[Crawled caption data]
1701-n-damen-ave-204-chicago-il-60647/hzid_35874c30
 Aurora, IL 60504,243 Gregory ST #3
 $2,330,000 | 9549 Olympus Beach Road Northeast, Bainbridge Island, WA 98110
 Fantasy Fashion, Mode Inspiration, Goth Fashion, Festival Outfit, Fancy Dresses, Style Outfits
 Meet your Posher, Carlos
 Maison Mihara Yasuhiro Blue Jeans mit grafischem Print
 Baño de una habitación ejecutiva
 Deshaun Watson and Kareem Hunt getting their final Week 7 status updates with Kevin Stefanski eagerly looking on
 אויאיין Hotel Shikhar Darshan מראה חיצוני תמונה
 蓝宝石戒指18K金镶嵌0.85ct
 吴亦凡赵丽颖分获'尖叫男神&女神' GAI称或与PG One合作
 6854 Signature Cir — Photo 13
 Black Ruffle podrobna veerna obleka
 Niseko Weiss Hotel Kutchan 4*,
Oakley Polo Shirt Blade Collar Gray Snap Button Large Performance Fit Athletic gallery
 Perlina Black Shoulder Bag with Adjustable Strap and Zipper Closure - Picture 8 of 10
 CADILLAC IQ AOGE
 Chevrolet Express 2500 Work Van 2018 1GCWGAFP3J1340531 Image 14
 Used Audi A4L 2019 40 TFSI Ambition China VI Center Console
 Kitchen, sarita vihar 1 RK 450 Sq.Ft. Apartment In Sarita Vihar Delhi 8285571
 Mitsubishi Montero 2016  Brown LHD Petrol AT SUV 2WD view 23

What you are asked to do:
Using the data above, print exactly the lines from the line that contains "אויאיין Hotel Shikhar" through the line that contains "CADILLAC IQ AOGE", with both included.

Solution to the problem:
 אויאיין Hotel Shikhar Darshan מראה חיצוני תמונה
 蓝宝石戒指18K金镶嵌0.85ct
 吴亦凡赵丽颖分获'尖叫男神&女神' GAI称或与PG One合作
 6854 Signature Cir — Photo 13
 Black Ruffle podrobna veerna obleka
 Niseko Weiss Hotel Kutchan 4*,
Oakley Polo Shirt Blade Collar Gray Snap Button Large Performance Fit Athletic gallery
 Perlina Black Shoulder Bag with Adjustable Strap and Zipper Closure - Picture 8 of 10
 CADILLAC IQ AOGE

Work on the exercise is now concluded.